*** RECORDS FOR THIS EXERCISE ***

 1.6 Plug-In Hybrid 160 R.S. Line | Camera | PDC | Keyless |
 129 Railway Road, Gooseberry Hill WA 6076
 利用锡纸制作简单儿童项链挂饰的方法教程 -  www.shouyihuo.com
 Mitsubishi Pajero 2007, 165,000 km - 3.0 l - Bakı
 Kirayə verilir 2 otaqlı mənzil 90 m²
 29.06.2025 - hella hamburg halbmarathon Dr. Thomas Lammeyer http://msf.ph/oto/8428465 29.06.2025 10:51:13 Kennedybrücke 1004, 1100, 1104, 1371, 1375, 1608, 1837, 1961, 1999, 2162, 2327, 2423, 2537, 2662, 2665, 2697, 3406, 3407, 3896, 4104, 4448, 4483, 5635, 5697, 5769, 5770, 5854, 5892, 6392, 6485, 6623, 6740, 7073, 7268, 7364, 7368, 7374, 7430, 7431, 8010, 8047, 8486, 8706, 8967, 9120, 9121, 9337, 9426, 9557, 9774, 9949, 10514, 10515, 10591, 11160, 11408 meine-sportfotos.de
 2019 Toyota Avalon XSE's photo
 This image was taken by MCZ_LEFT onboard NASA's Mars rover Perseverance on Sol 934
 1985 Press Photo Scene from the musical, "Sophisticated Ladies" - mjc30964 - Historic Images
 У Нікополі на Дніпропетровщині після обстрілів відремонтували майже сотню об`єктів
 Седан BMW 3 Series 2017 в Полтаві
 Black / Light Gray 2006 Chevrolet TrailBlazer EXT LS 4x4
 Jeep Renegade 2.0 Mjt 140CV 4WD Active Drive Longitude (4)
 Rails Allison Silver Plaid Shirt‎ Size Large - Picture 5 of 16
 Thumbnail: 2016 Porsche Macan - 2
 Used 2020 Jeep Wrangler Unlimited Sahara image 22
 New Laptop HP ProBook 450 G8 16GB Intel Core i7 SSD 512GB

*** End of RECORDS FOR THIS EXERCISE ***

• **ACTIVITY**
Your answer should consist of the lines from the line with "This image was" to the line with "1985 Press Photo" above, repeated exactly, both ends included.

• **RESULT FOR THIS TASK**
 This image was taken by MCZ_LEFT onboard NASA's Mars rover Perseverance on Sol 934
 1985 Press Photo Scene from the musical, "Sophisticated Ladies" - mjc30964 - Historic Images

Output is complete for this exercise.